Source code for vis.analyzers.indexers.offset

#!/usr/bin/env python
# -*- coding: utf-8 -*-
# -------------------------------------------------------------------- #
# Program Name:           vis
# Program Description:    Helps analyze music with computers.
#
# Filename:               analyzers/indexers/offset.py
# Purpose:                Indexer to regularize the observed offsets.
#
# Copyright (C) 2013, 2014, 2016 Christopher Antila, Alexander Morgan
#
# This program is free software: you can redistribute it and/or modify
# it under the terms of the GNU Affero General Public License as
# published by the Free Software Foundation, either version 3 of the
# License, or (at your option) any later version.
#
# This program is distributed in the hope that it will be useful,
# but WITHOUT ANY WARRANTY; without even the implied warranty of
# MERCHANTABILITY or FITNESS FOR A PARTICULAR PURPOSE.  See the
# GNU Affero General Public License for more details.
#
# You should have received a copy of the GNU Affero General Public 
# License along with this program.  If not, see 
# <http://www.gnu.org/licenses/>.
# -------------------------------------------------------------------- #
"""
.. codeauthor:: Christopher Antila <christopher@antila.ca>
.. codeauthor:: Alexander Morgan

Indexers that modify the "offset" values (floats stored as the "index" 
of a :class:`pandas.Series`), potentially adding repetitions of or 
removing pre-existing events, without modifying the events
themselves.

"""

import six
import pandas
import numpy
from vis.analyzers import indexer
from multi_key_dict import multi_key_dict as mkd

[docs]class FilterByOffsetIndexer(indexer.Indexer):
    """
    Indexer that regularizes the "offset" values of observations from 
    other indexers.

    The Indexer regularizes observations from offsets spaced any, 
    possibly irregular, ``quarterLength`` durations apart, so they are 
    instead observed at regular intervals. This has two effects:

    * events that do not begin at an observed offset will only be 
      included in the output if no other event occurs before the next 
      observed offset
    
    * events that last for many observed offsets will be repeated for 
      those offsets

    Since elements' durations are not recorded, the last observation in 
    a Series will always be included in the results. If it does not 
    start on an observed offset, it will be included as the next 
    observed offset---again, whether or not this is true in the actual 
    music. However, the last observation will only ever be counted once, 
    even if a part ends before others in a piece with many parts. See 
    the doctests for examples.

    **Examples:** 

    For all, the ``quarterLength`` is ``1.0``.

    When events in the input already appear at intervals of 
    ``quarterLength``, input and output are identical.

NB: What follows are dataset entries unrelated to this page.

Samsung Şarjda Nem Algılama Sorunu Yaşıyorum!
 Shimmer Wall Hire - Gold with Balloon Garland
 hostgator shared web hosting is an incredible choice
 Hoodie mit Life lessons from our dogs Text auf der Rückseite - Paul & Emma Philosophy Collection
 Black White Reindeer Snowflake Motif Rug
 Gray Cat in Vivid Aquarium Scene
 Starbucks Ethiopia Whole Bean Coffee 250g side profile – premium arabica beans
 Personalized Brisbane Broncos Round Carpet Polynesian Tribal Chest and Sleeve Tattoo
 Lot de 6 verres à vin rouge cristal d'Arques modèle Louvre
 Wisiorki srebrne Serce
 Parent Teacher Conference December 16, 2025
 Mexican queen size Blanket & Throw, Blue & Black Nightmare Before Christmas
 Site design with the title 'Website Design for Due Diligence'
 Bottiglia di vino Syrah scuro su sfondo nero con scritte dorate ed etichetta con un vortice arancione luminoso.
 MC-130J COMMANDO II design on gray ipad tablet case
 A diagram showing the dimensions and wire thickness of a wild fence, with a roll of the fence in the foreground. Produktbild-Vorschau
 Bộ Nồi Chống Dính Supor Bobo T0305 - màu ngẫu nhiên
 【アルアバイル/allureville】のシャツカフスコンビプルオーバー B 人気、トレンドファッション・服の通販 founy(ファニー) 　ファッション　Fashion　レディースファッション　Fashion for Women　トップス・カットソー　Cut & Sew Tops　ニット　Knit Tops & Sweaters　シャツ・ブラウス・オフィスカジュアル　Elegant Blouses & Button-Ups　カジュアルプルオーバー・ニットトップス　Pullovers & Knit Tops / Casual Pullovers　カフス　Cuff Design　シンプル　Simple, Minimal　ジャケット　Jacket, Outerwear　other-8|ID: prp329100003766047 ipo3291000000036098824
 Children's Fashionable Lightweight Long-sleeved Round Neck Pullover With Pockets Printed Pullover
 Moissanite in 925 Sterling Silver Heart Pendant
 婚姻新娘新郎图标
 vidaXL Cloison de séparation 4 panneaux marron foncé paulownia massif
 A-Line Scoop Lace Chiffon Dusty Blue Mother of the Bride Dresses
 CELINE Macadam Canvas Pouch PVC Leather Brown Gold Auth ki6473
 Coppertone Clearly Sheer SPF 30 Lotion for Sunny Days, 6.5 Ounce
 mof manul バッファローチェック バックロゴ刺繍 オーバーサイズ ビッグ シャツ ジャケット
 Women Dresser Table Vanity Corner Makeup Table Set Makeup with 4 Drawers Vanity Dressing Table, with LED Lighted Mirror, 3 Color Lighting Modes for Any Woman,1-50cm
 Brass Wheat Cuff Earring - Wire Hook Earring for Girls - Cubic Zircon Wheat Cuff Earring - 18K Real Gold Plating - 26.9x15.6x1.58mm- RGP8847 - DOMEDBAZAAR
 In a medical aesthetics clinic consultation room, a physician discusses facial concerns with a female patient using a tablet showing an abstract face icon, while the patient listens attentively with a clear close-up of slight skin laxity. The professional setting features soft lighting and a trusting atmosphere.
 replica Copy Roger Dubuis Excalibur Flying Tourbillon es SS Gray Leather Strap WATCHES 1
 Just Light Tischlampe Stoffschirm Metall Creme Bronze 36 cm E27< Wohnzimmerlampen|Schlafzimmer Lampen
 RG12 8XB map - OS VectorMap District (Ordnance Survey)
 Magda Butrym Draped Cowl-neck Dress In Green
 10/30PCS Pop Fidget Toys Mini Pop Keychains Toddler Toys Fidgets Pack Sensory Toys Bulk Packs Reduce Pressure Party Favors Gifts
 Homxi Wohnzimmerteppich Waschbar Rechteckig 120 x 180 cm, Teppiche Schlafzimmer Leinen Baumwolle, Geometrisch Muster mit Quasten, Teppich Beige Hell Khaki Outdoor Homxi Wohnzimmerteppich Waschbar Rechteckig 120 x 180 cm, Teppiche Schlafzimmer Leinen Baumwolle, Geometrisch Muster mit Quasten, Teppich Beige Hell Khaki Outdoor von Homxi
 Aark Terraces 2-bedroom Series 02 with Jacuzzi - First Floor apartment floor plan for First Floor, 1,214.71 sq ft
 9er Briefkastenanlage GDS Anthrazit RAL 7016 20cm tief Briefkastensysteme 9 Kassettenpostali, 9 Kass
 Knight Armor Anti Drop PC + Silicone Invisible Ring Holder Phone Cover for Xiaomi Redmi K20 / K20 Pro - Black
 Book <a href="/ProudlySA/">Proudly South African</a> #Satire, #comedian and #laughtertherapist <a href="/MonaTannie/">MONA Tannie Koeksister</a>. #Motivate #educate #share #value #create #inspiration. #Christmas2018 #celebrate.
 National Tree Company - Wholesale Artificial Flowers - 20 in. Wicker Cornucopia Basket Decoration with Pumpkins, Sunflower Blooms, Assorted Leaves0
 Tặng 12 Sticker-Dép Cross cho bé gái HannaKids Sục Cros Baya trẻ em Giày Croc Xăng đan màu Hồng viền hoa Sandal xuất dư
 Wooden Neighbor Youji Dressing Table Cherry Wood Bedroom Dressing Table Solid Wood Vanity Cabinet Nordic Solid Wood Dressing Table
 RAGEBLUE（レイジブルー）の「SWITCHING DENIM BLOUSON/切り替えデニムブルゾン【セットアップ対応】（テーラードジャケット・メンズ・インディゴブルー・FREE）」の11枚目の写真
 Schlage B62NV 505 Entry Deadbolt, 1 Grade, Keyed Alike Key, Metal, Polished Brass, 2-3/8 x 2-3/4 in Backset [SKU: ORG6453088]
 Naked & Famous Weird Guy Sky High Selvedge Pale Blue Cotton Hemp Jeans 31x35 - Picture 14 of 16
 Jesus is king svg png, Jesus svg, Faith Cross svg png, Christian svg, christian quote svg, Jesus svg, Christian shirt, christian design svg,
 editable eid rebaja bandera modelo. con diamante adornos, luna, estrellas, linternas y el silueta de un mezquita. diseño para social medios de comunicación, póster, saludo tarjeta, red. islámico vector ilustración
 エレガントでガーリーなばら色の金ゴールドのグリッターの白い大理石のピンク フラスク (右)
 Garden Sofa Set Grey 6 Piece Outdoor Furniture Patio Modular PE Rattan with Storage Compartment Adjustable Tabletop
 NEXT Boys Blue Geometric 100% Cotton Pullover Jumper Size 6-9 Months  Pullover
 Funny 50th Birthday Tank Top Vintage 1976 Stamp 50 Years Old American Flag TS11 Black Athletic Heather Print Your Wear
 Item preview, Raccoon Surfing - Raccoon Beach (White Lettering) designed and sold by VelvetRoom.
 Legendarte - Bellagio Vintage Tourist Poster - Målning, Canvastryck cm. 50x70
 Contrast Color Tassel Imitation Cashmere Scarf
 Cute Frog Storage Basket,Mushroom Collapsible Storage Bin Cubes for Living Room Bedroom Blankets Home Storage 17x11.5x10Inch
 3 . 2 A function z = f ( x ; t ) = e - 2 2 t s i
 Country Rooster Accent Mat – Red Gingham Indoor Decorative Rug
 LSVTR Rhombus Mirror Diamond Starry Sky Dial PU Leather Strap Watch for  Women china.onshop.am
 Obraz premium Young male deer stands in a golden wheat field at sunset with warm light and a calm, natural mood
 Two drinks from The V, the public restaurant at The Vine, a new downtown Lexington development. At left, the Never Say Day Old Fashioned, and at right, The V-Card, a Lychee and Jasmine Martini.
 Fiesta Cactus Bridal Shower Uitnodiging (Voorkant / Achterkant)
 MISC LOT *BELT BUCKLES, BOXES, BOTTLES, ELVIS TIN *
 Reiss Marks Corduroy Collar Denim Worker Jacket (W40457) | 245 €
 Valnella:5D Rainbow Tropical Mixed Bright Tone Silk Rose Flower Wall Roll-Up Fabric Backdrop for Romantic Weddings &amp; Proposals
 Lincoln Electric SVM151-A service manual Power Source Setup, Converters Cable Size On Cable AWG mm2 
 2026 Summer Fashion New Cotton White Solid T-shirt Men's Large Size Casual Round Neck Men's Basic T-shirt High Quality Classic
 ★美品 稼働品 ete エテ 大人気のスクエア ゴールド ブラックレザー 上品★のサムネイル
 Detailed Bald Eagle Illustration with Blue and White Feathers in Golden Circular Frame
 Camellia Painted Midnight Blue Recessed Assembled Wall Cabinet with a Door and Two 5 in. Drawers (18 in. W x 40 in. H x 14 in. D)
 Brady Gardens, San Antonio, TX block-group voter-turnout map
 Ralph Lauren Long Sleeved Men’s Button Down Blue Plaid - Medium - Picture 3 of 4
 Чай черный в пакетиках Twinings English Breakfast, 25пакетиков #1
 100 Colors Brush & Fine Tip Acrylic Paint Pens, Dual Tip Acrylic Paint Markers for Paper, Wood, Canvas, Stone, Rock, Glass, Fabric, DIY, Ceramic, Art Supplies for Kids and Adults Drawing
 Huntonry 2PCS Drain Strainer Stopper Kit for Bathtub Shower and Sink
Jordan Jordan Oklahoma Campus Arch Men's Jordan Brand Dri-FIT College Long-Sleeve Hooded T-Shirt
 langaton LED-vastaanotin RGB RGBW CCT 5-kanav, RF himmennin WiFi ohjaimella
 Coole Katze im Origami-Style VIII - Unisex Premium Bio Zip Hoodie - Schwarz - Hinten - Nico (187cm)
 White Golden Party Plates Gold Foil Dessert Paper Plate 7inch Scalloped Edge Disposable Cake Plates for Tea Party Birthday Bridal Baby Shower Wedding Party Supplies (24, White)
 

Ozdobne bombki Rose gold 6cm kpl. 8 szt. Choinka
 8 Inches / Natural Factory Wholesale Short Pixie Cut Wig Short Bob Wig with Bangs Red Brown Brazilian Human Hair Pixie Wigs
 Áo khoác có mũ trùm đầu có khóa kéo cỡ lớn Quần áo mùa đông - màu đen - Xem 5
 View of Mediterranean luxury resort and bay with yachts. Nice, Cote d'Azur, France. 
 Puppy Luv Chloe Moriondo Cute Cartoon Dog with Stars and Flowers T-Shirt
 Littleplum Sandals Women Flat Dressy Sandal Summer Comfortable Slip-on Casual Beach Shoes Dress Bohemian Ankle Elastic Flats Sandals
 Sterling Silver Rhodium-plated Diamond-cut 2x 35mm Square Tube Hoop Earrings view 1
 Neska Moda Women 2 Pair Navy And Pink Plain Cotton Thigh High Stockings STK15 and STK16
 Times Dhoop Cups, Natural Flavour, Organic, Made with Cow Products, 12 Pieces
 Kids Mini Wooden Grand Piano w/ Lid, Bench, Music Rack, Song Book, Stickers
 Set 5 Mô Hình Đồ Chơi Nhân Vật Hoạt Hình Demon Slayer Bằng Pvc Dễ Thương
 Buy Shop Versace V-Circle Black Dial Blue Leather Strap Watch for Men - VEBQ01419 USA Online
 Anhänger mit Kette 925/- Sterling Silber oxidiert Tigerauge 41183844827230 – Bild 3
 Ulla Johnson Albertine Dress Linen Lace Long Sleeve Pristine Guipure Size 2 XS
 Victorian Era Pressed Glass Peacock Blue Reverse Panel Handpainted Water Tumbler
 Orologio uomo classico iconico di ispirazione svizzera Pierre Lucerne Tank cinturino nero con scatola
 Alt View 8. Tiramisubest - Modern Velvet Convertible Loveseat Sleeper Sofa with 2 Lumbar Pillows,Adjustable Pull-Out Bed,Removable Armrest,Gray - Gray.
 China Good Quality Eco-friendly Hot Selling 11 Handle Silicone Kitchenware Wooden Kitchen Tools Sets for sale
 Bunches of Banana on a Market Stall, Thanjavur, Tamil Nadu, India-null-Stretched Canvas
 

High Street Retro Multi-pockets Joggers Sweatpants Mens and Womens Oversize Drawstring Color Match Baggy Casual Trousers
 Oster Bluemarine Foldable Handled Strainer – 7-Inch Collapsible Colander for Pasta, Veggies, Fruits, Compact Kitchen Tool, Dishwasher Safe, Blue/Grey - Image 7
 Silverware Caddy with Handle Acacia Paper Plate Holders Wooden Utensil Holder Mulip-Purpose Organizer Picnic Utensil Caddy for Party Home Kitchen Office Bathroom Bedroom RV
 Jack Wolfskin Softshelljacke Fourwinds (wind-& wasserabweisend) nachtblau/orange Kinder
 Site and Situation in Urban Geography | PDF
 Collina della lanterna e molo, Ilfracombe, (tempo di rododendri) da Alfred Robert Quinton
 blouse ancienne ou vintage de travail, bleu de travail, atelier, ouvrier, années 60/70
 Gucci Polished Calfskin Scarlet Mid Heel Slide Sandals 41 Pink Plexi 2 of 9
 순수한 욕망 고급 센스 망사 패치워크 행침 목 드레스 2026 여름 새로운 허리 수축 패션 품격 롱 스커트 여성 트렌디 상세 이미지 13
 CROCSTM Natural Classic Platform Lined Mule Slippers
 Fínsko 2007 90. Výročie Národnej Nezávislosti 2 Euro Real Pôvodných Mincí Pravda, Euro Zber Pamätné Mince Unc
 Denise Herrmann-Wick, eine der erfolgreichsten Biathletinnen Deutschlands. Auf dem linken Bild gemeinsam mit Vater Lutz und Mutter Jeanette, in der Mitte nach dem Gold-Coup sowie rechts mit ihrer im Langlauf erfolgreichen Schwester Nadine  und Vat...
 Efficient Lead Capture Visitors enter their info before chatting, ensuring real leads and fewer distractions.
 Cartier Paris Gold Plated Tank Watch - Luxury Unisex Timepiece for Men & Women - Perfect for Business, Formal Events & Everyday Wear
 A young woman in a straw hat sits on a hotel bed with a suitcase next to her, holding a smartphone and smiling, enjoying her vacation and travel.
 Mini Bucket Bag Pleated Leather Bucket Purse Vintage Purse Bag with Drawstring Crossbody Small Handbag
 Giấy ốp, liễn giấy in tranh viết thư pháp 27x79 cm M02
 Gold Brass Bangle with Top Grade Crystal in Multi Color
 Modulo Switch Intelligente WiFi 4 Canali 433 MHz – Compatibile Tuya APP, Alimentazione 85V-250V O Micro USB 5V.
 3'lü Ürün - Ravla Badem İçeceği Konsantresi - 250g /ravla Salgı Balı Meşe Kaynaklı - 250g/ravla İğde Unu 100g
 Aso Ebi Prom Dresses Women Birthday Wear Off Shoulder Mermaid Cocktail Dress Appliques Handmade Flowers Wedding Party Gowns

    +--------+-------+-------+-------+
    | offset | 0.0   | 1.0   | 2.0   |
    +========+=======+=======+=======+
    | input  | ``a`` | ``b`` | ``c`` |
    +--------+-------+-------+-------+
    | output | ``a`` | ``b`` | ``c`` |
    +--------+-------+-------+-------+

    When events in the input appear at intervals of ``quarterLength``, 
    but there are additional elements between the observed offsets, 
    those additional elements are removed.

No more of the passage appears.